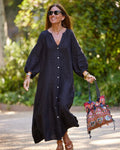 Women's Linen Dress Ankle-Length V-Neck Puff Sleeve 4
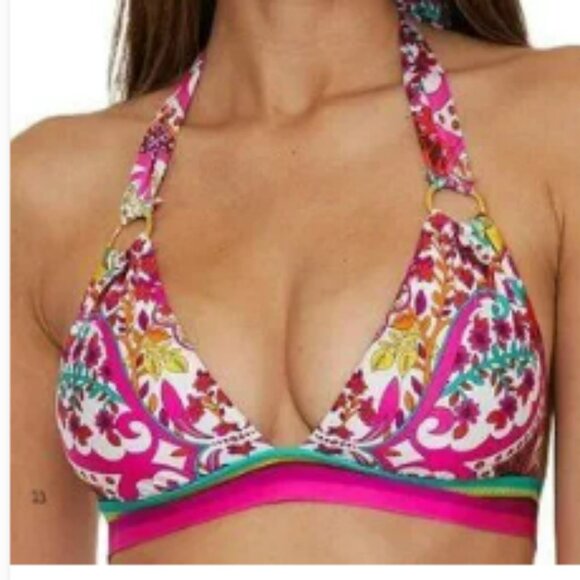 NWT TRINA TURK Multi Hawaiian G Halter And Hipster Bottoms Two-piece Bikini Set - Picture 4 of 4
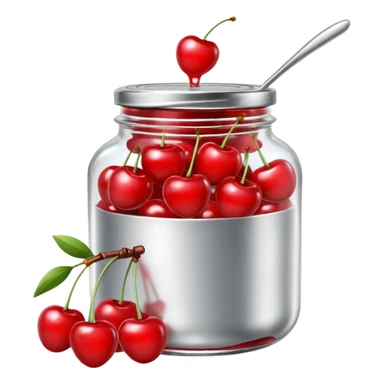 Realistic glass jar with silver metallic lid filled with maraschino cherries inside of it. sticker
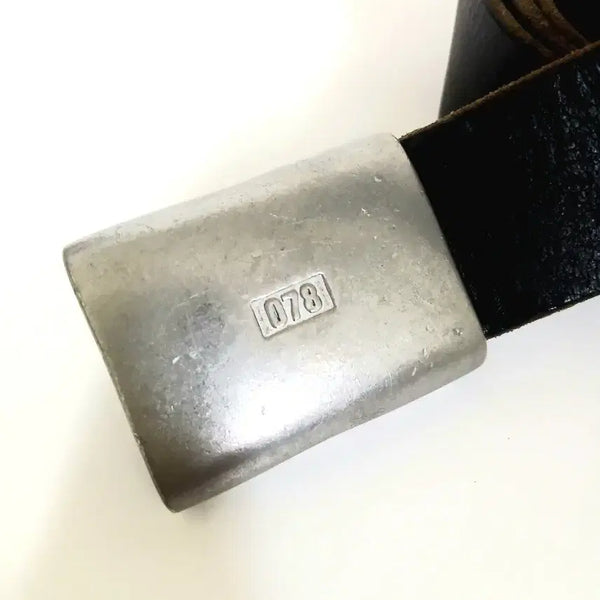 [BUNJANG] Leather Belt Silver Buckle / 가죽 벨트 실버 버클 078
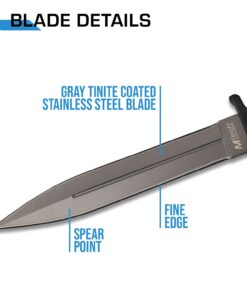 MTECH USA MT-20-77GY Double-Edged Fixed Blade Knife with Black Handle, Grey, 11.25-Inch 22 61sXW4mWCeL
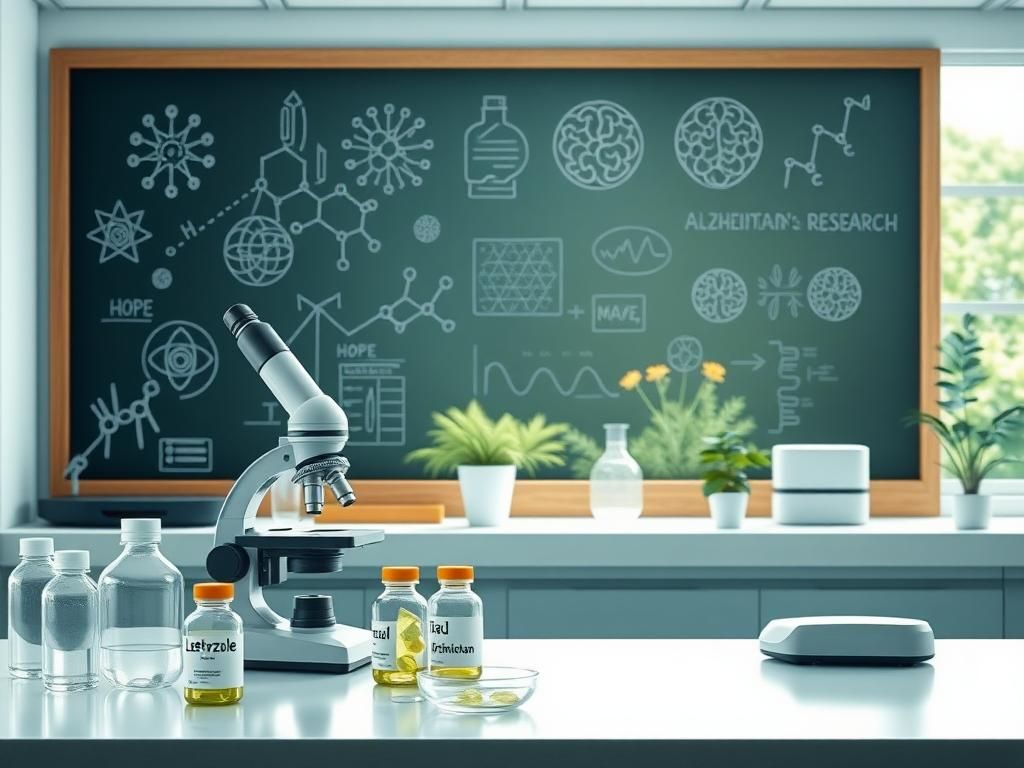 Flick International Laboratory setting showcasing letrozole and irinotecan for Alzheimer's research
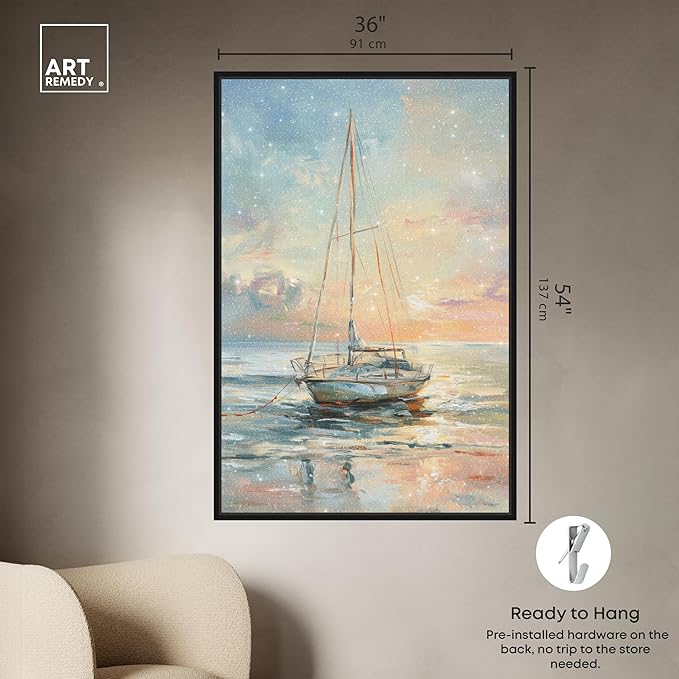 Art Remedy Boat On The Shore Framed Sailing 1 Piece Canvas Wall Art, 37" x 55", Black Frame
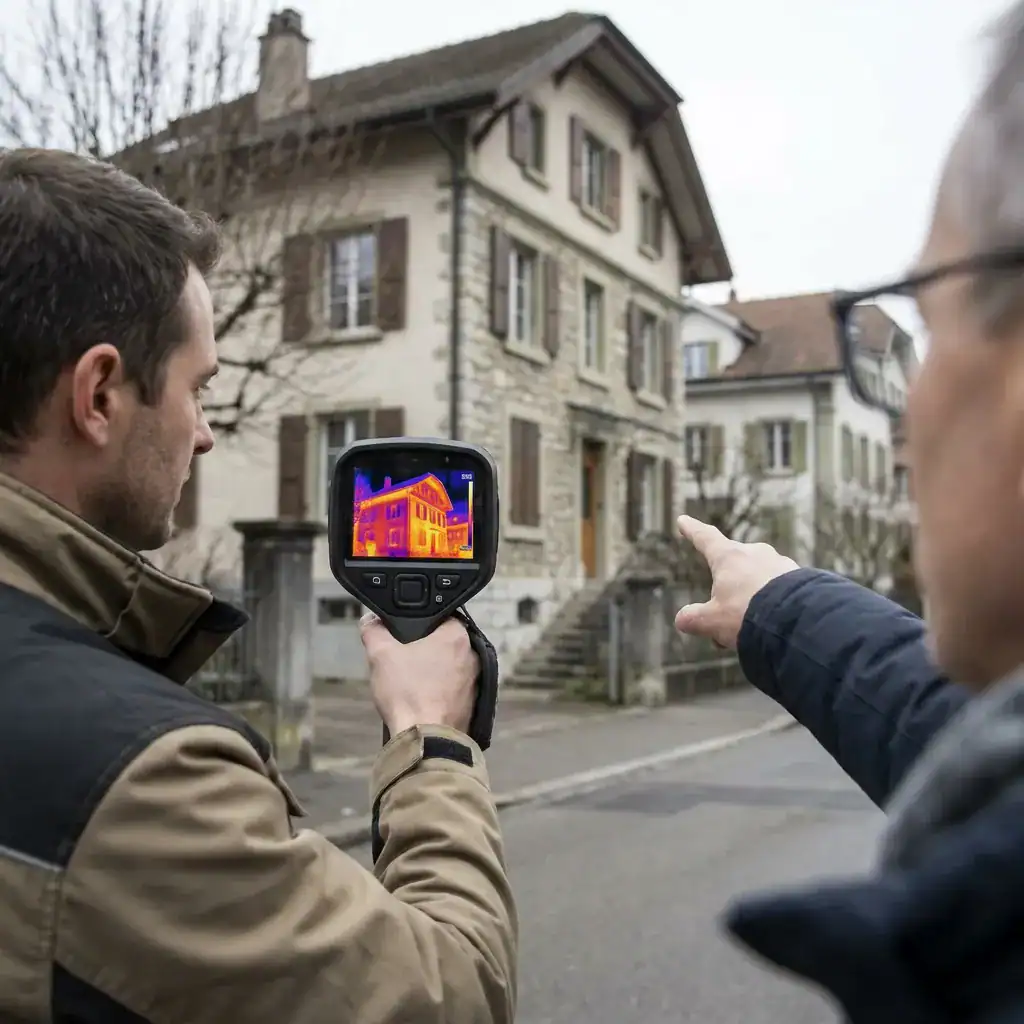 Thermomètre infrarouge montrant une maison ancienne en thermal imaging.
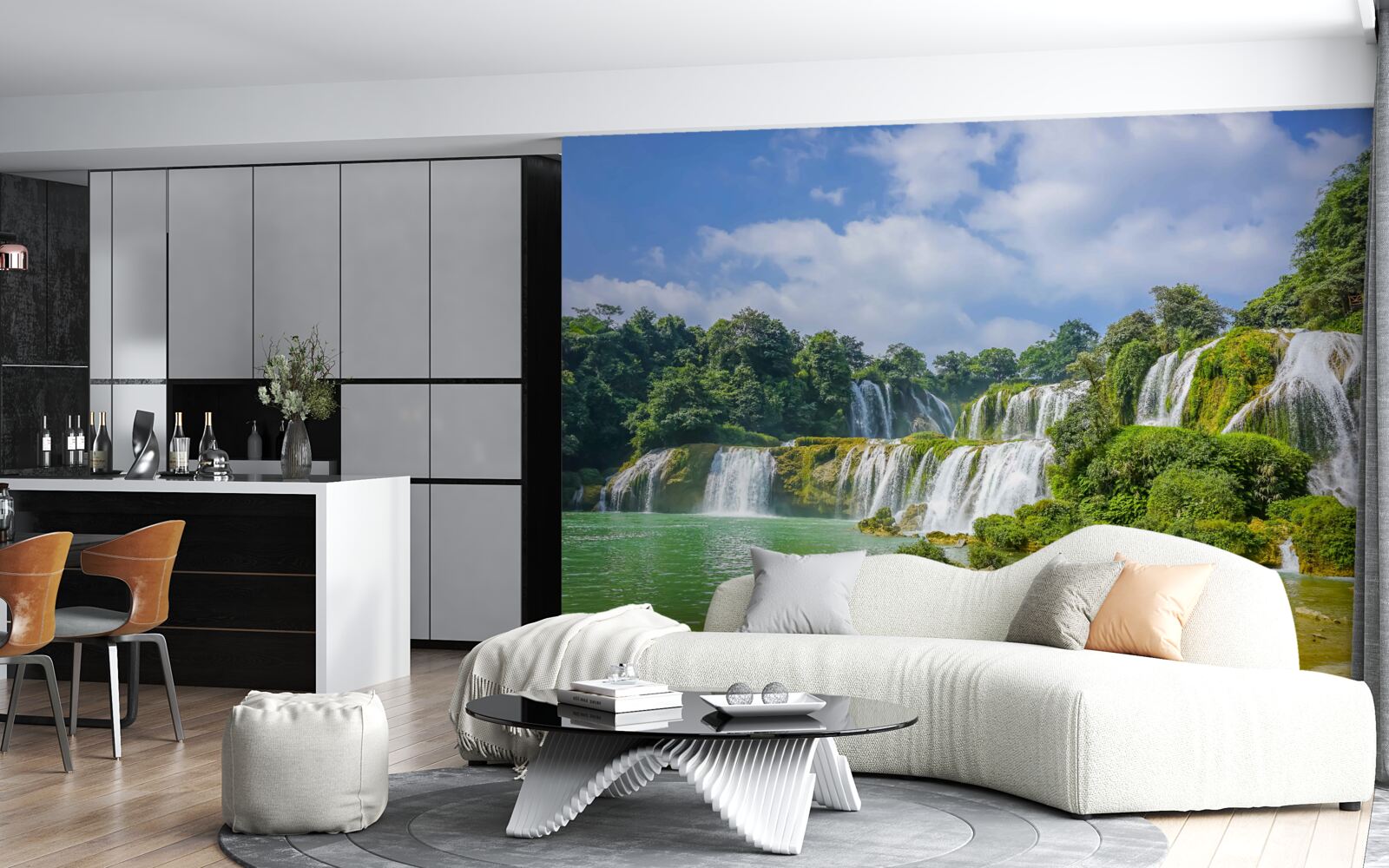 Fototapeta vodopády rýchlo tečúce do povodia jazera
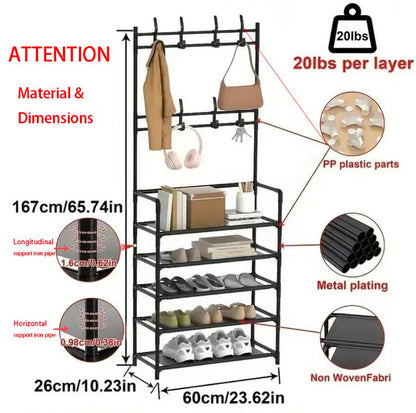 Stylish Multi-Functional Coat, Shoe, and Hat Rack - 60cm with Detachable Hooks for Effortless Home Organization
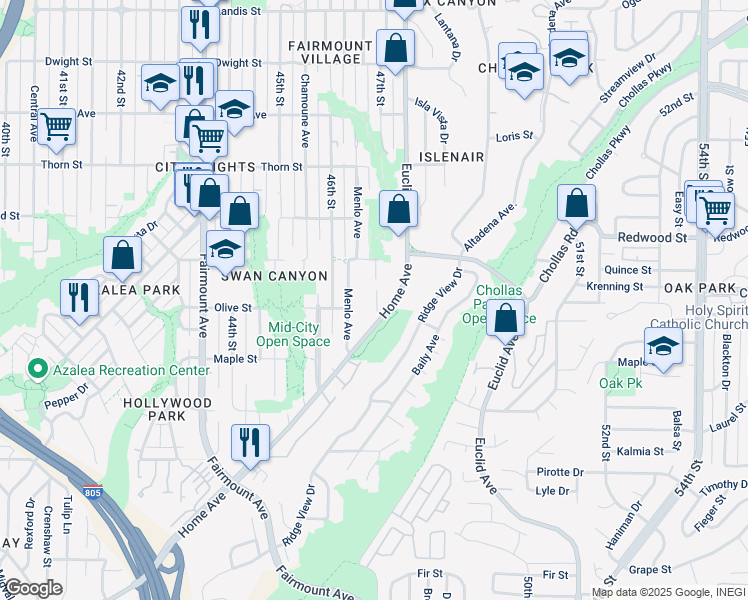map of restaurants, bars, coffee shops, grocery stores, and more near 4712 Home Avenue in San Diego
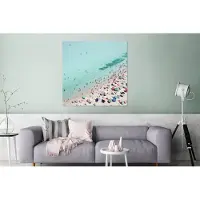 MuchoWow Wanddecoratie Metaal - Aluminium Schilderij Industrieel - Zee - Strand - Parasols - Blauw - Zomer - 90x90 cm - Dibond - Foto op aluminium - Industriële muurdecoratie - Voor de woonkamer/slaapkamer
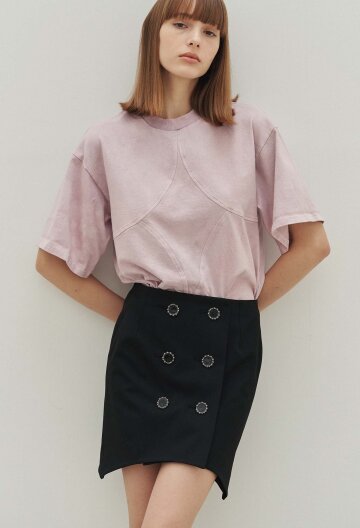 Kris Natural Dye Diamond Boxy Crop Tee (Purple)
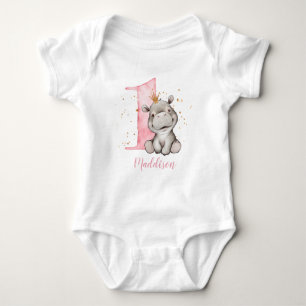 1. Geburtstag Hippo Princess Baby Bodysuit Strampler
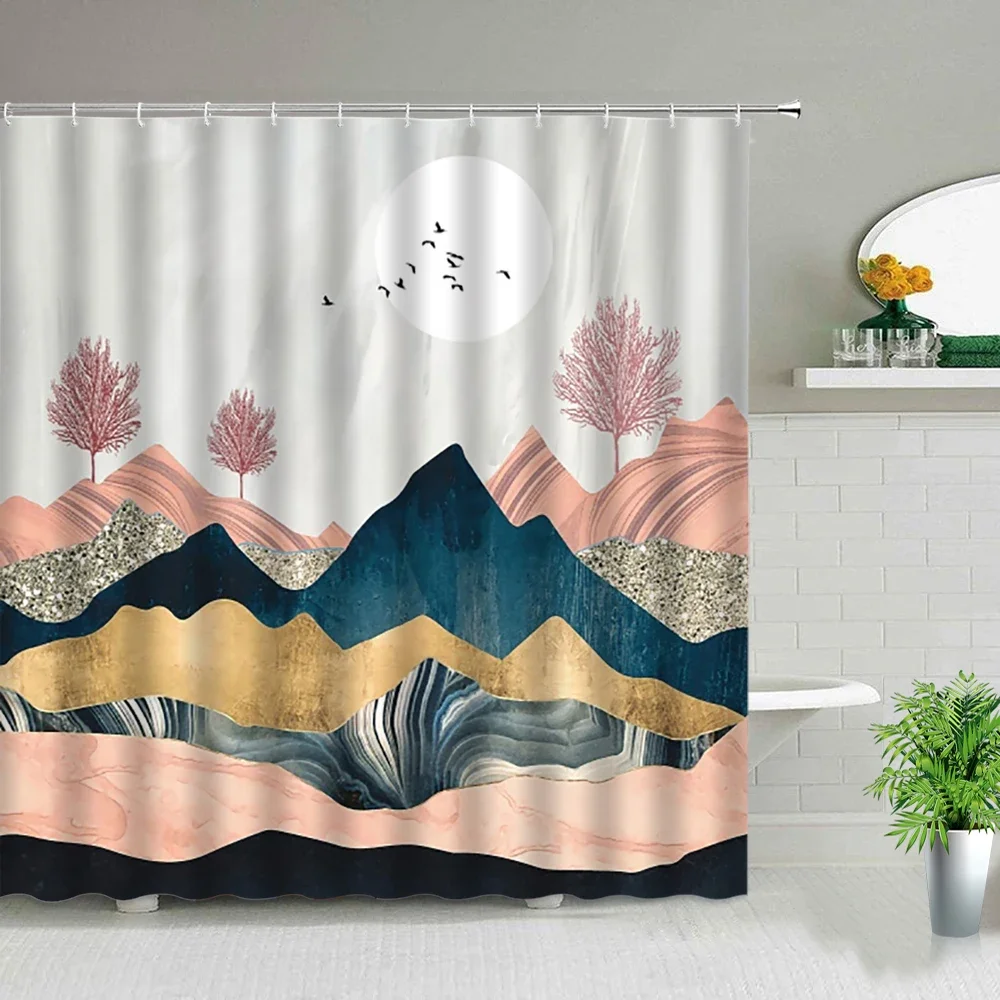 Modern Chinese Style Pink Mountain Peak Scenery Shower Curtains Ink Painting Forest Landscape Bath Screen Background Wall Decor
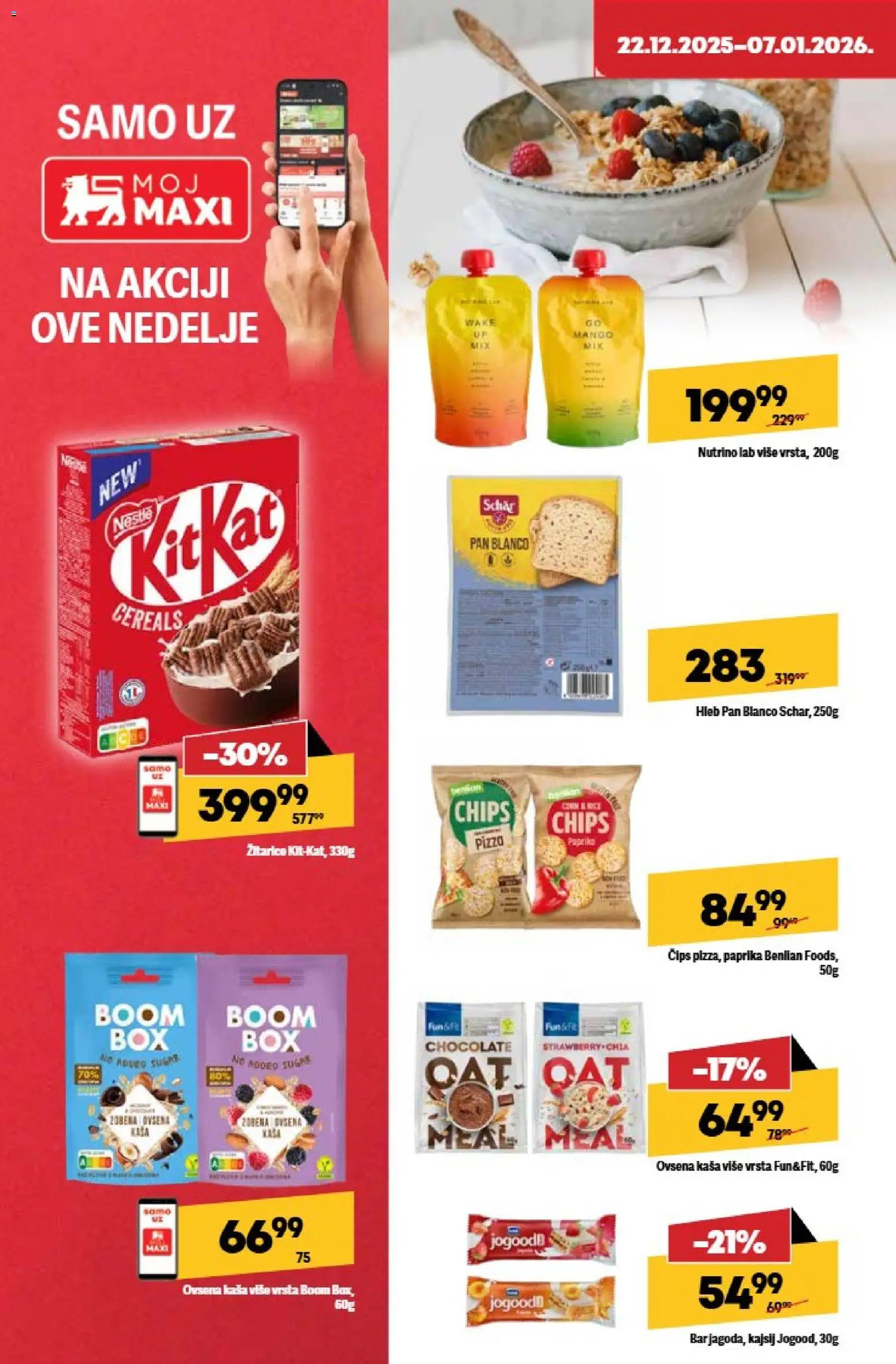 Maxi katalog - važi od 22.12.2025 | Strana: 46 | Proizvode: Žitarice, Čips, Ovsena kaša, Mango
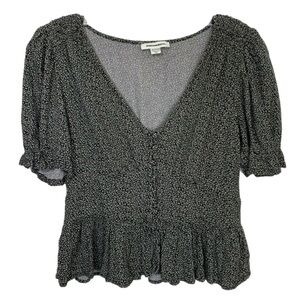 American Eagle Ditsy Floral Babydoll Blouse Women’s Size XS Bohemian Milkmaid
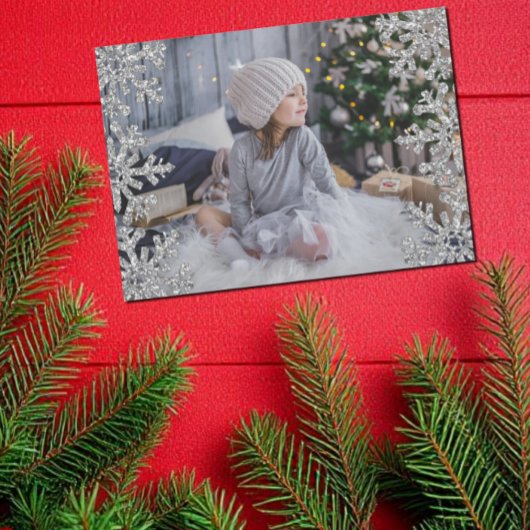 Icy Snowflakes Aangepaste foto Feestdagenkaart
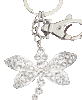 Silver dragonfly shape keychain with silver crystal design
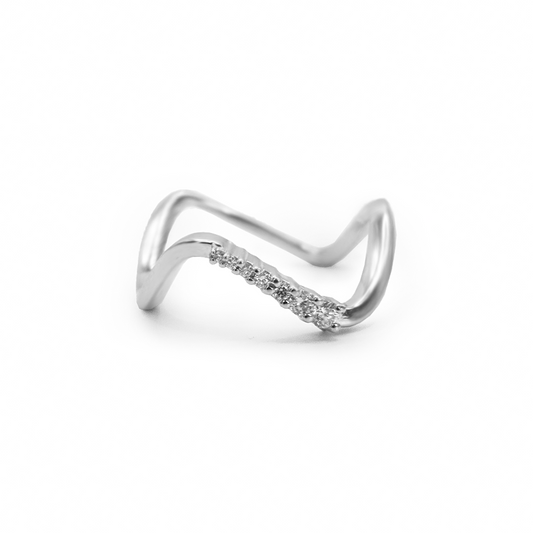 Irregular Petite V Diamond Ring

--------------------------------------------------

> _Task statement_
Your task is to reproduce exactly the lines from the start of the data above through the line containing "MTECH USA MT-20-77GY", leaving every picture out.

> _Written answer_
 Women's Linen Dress Ankle-Length V-Neck Puff Sleeve 4
 NWT TRINA TURK Multi Hawaiian G Halter And Hipster Bottoms Two-piece Bikini Set - Picture 4 of 4
 Realistic glass jar with silver metallic lid filled with maraschino cherries inside of it. sticker
 [BUNJANG] Leather Belt Silver Buckle / 가죽 벨트 실버 버클 078
 MTECH USA MT-20-77GY Double-Edged Fixed Blade Knife with Black Handle, Grey, 11.25-Inch 22 61sXW4mWCeL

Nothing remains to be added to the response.